Consumer advocates and law experts have shown concerns over patient privacy, however, and feel the technology could subject patients to cyber threats. “Biometric identification of patients is not a cure for medical identity theft,” said Pam Dixon, executive director of the World Privacy Forum in San Diego. “There are known and well-established risks in biometric systems and those risks can be exploited by bad actors who can gain access to the system.” However, Judi Binderman said that hospitals have taken sufficient precautions to guard against such threats, including ensuring that eyeprints are not stored on hospital’s computer servers. RightPatient co-founder Michael Trader seconds her sentiments, stating “We’re not storing any data in our system that puts the patient at risk.” This includes not logging social security numbers or unencrypted demographic data.
There is never a guarantee that computers will not be hacked and sensitive information shared, and cleanup can be time consuming and costly to remediate. Not to mention, the patient runs risk of being completely misdiagnosed and treated for the wrong ailments. And, there have been patients who have died because of chart mix-ups. Dixon said patients are concerned about biometric identity theft, and rightly so. But, she comments, “You cannot just get another iris.” Dixon said patients should ask to see a hospital’s notice of privacy practices and review the policy regarding biometric identification. “Don’t get flustered if you do not want to give your biometric to a health-care provider.” At this time, biometric identification remains optional.
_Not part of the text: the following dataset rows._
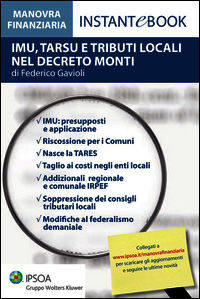 9788821737718 - IMU, TARSU e tributi locali nella manovra Monti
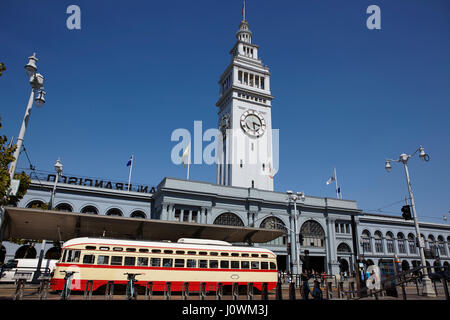 Embarcadero Uhrturm, San Francisco, Kalifornien, USA Stockfoto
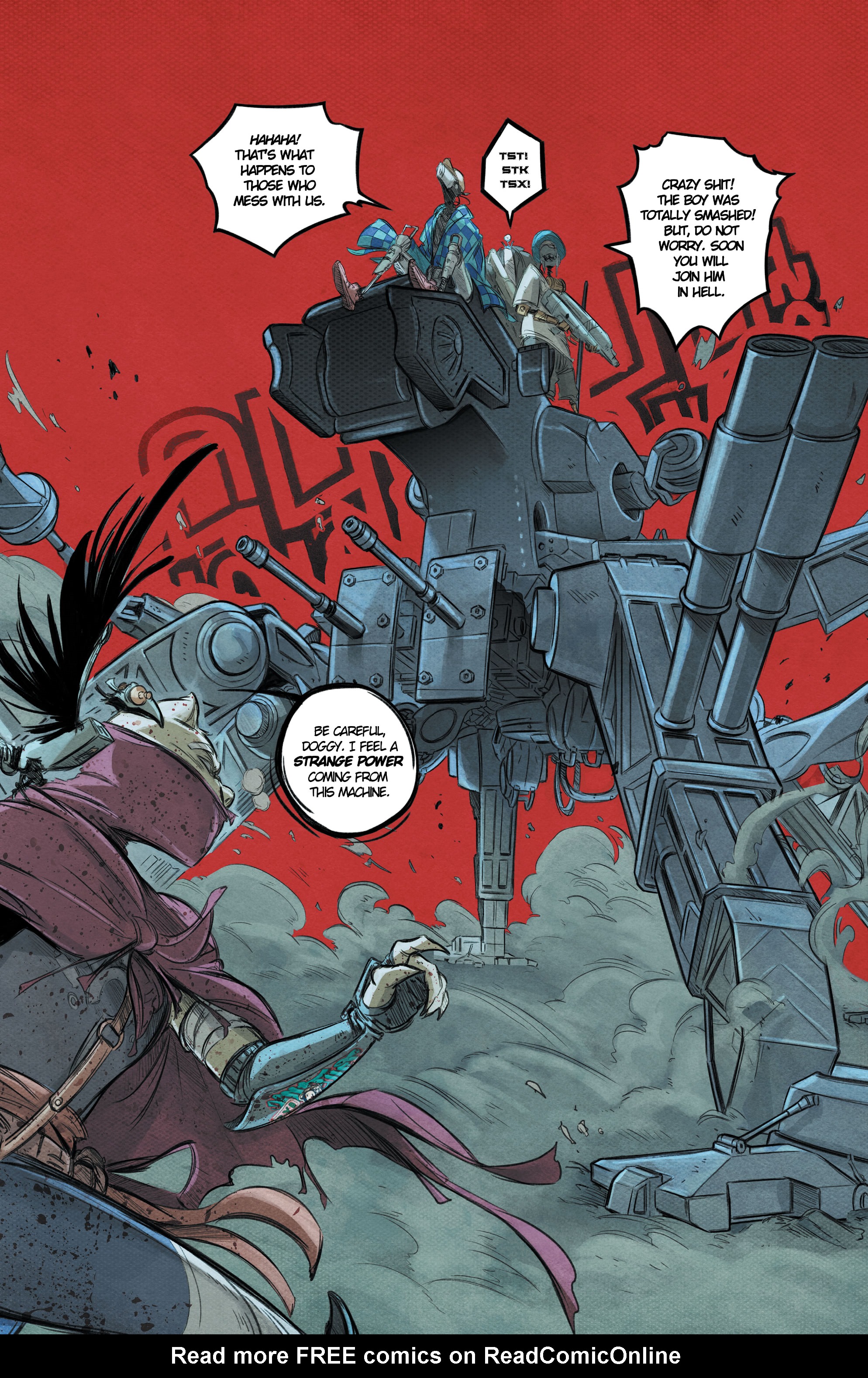 Read online Samurai Doggy comic -  Issue #4 - 18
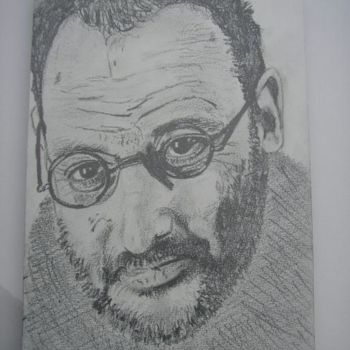 Drawing titled "Jean Réno" by Marcoh, Original Artwork
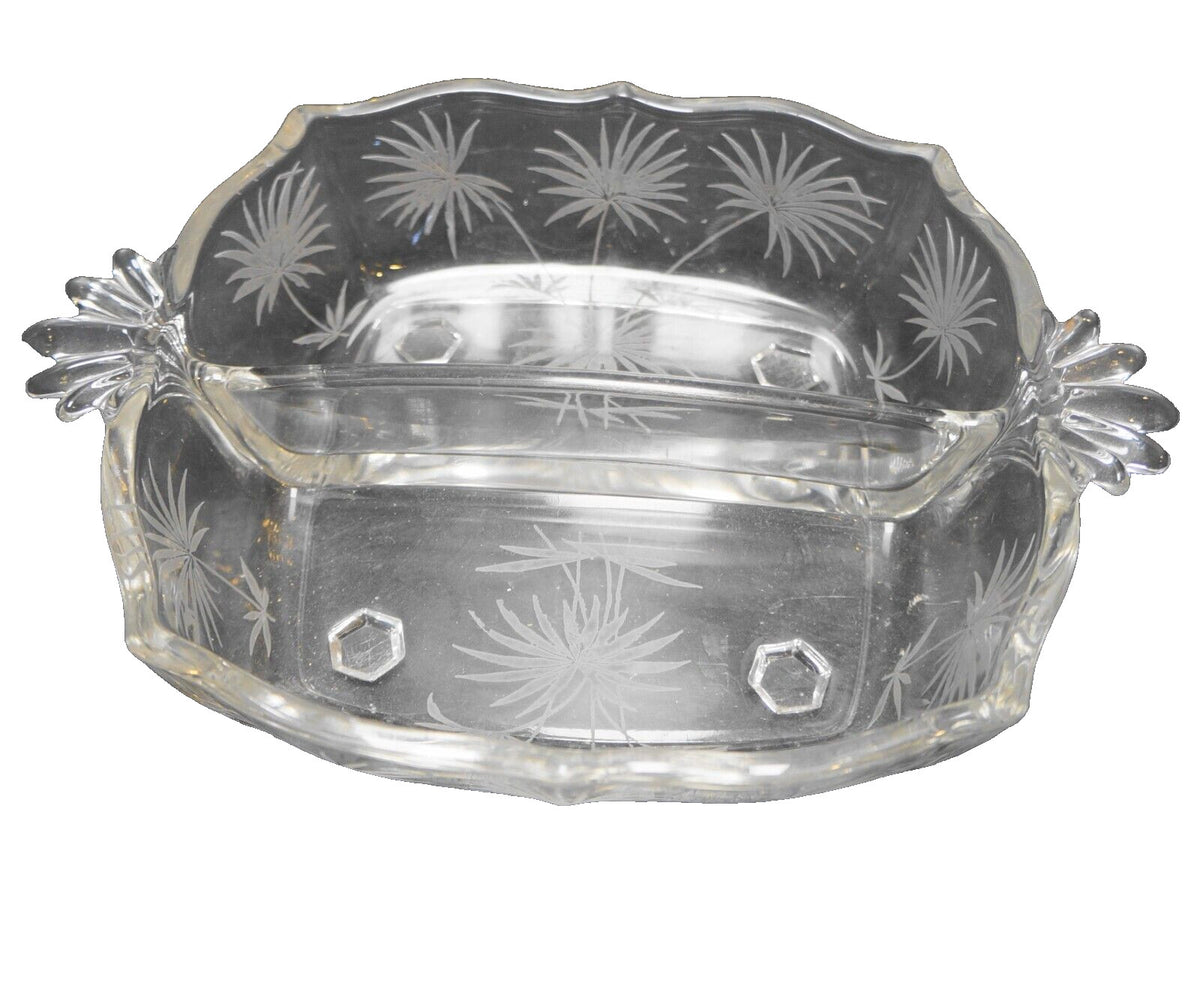 Fostoria Lido Etch Baroque Relish 2 Part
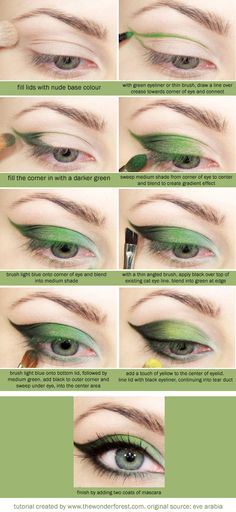 Butterfly Eyeshadow, Fairy Make-up, Green Eye Makeup, Christmas Makeup Look, Green Makeup, Green Eye, Fairy Makeup, Elf Makeup, Green Butterfly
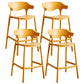 Stackable Plastic Indoor Counter Stools Low Back Scandinavian Bar Stools with Footrest Yellow 4 Piece Set Counter Stool(26"H) Clearhalo 'Bar Furniture' 'Bar Stools' 'bar_stools' 'furn' 'furn_bar_stools' 'furniture_bar_stools' 'Kitchen & Dining Furniture' 'kitchen&dining_furn' 'kitchen' 'kitchen_furn' Furniture' 4339810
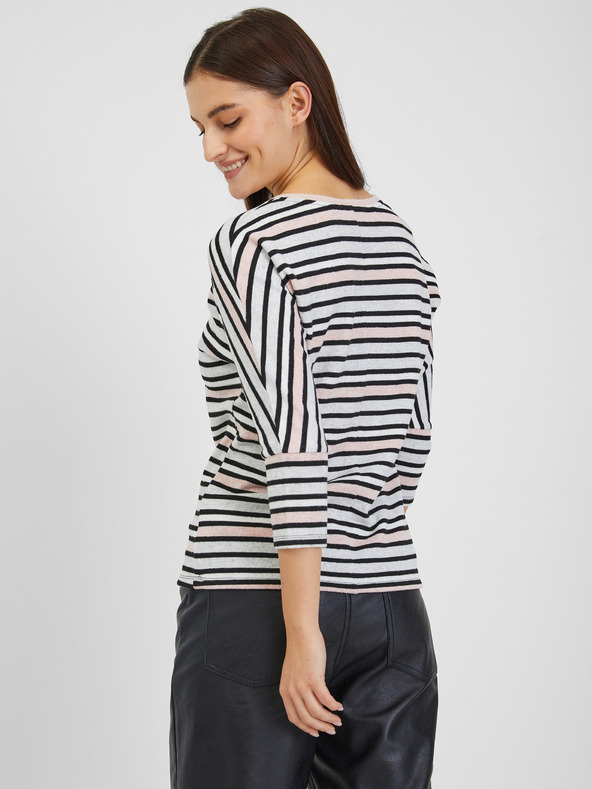 Orsay Bluză de damă cu dungi albastru deschis ORSAY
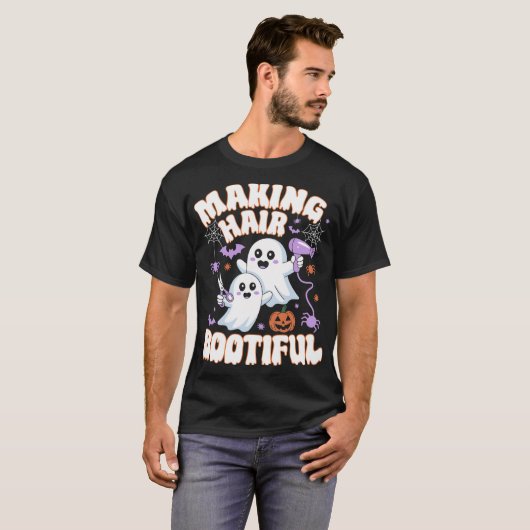 Het maken van haar bootiful Halloween Spooky Ghost T-shirt (Voorkant volledig)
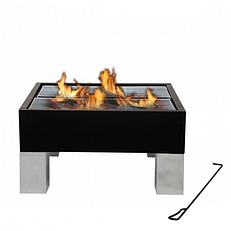 Fire Pit and BBQ Grill Combined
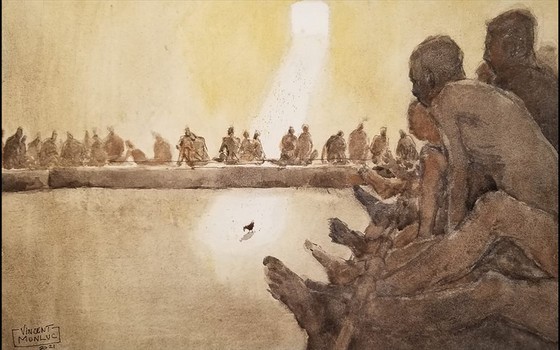 Painting exhibition of sacred land of Con Dao presented in HCMC ảnh 1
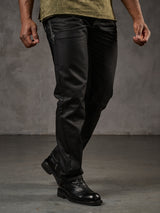 CD295 Herren bequeme Jeans im glänzenden Matt-Look in Straight Fit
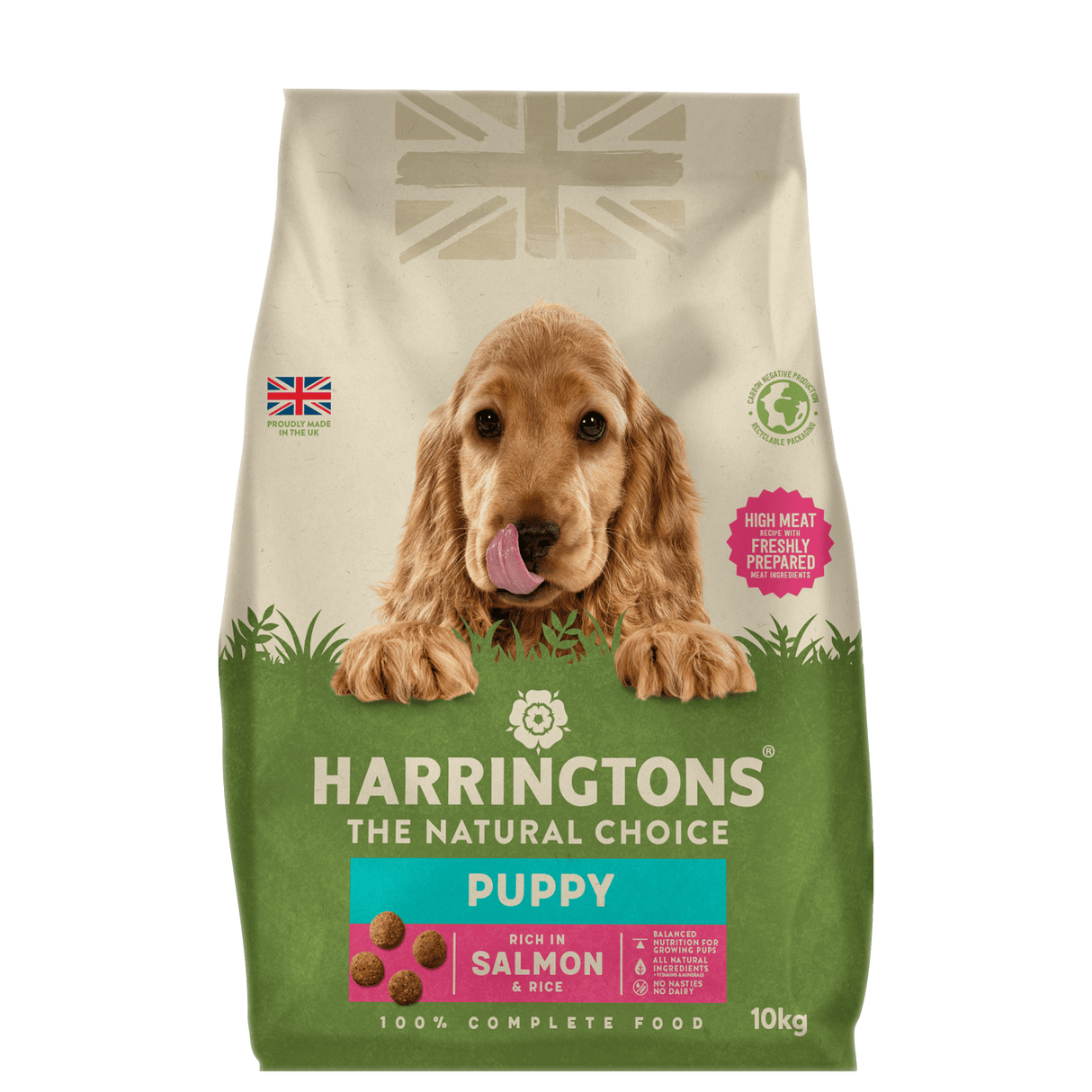 Harringtons Puppy Rich in Salmon & Rice Dry Food - 10kg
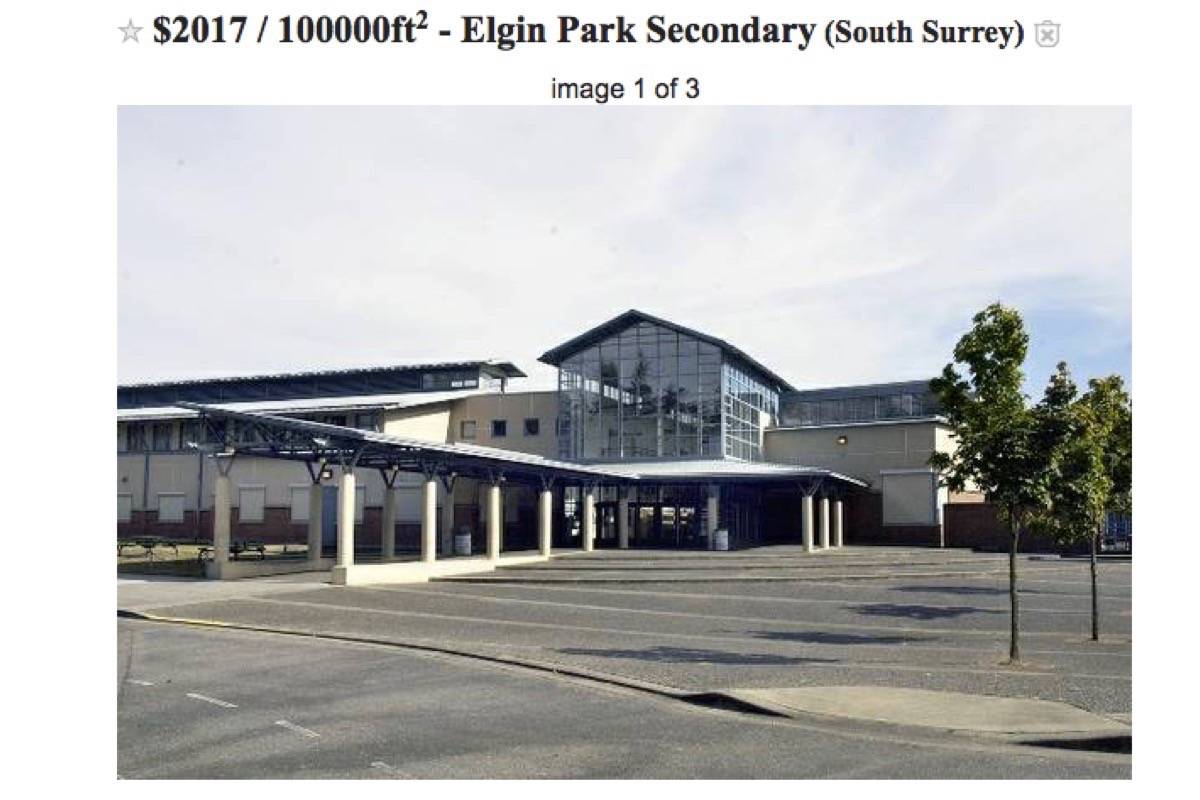 B.C. school for sale in grad prank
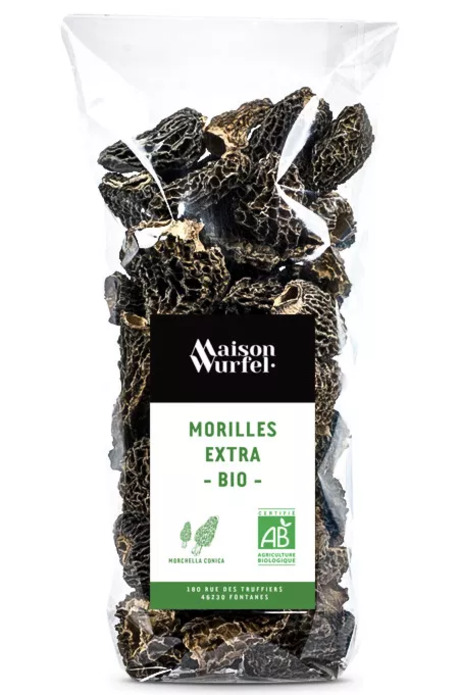 Morilles extra déshydratées bio 20g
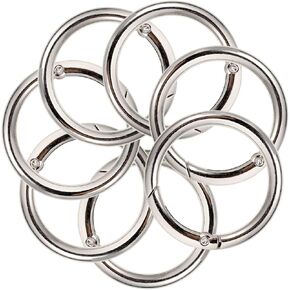 MAGICLULU Caribeener Clips 10PCS Spring O Ring 1.5 Inch Metal Round Carabiner Clip Circle Key Ring Clips for Keychain Buckle Bags Purse Handbag Craft Jewelry Making Keychain Clip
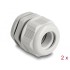 Delock EX Cable Gland M25 grey 2 pieces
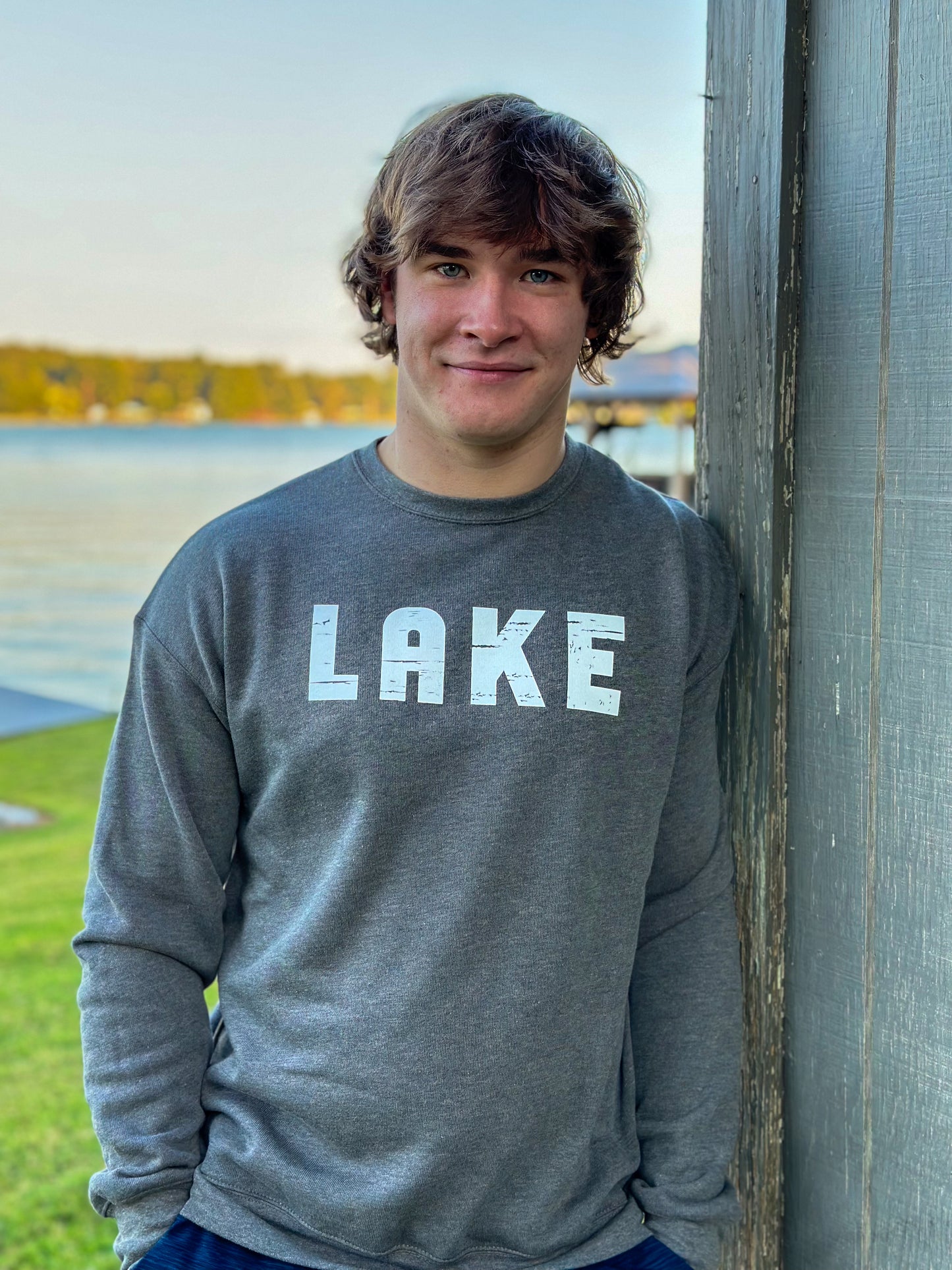 Lake sweatshirt -Heather Grey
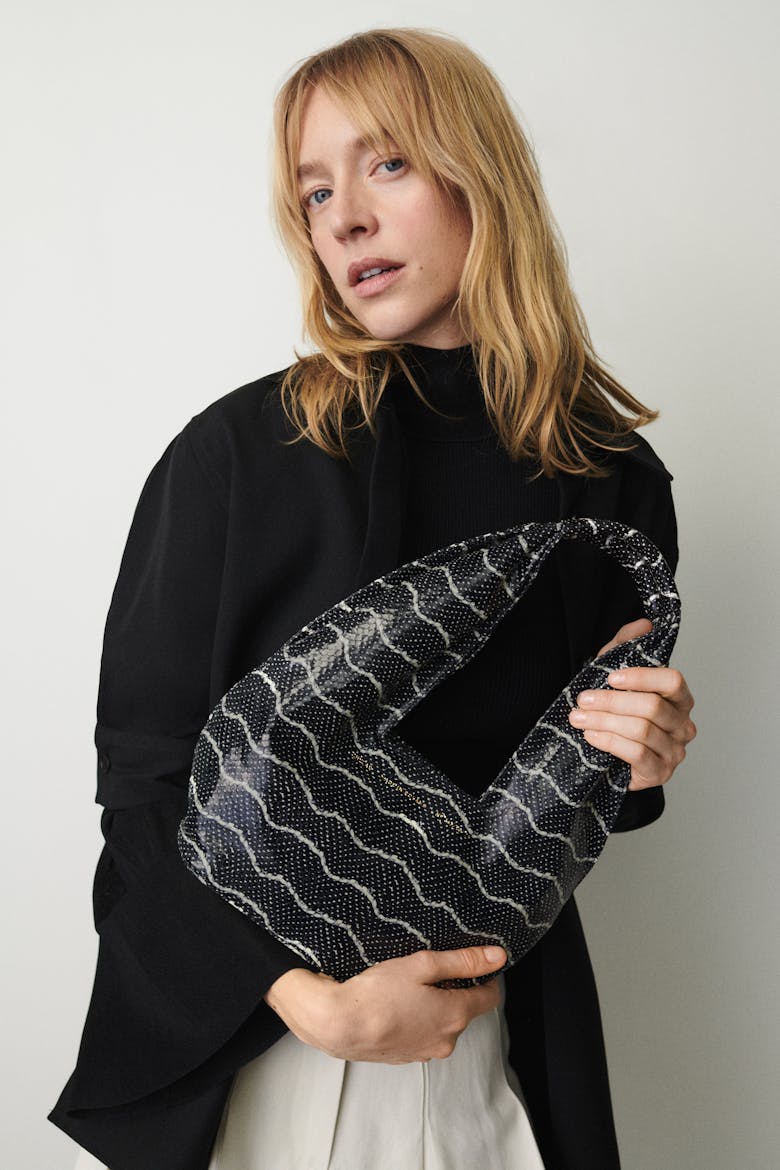 Small Hobo Bag “black and white python”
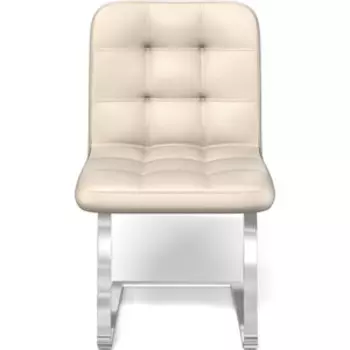 Стул Бител Турин хром, Барнео крем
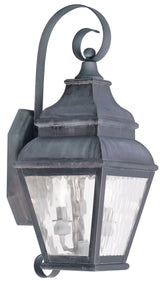 Livex Lighting 2602-61 Exeter 2-Light Outdoor Wall Lantern, Charcoal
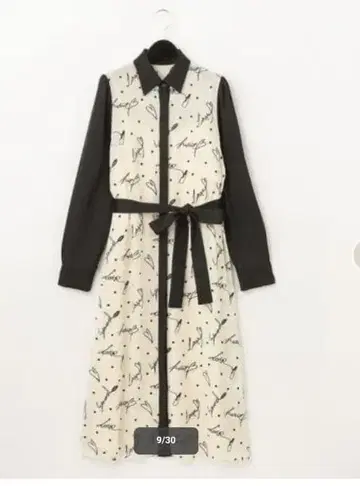 그레이스 콘티넨탈 모티브 자수 셔츠 원피스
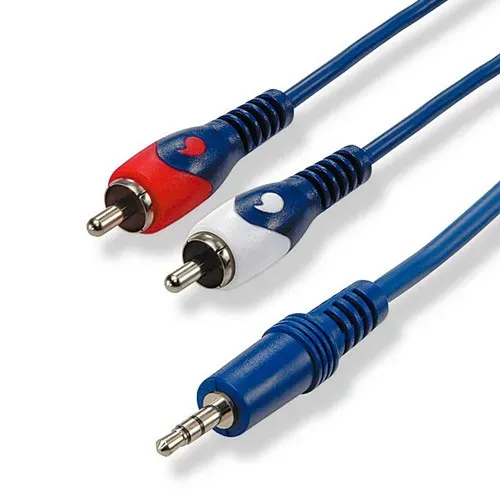 T.E.G. 3,5mm naar 2x cinch verloopkabel 10m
It’s not known how often patient identification errors occur, but researchers at a nonprofit patient safety group, ECRI Institute, examined 7,613 cases of patient charting errors at 181 organizations that occurred between January 2013 and August 2015. The cases were submitted voluntarily. They determined ninety-one percent of the errors were caught before the patient was harmed. With RightPatient, hopefully they can avoid these errors altogether. Community Medical Centers spends about $190,000 every year to research and correct mismatched charts.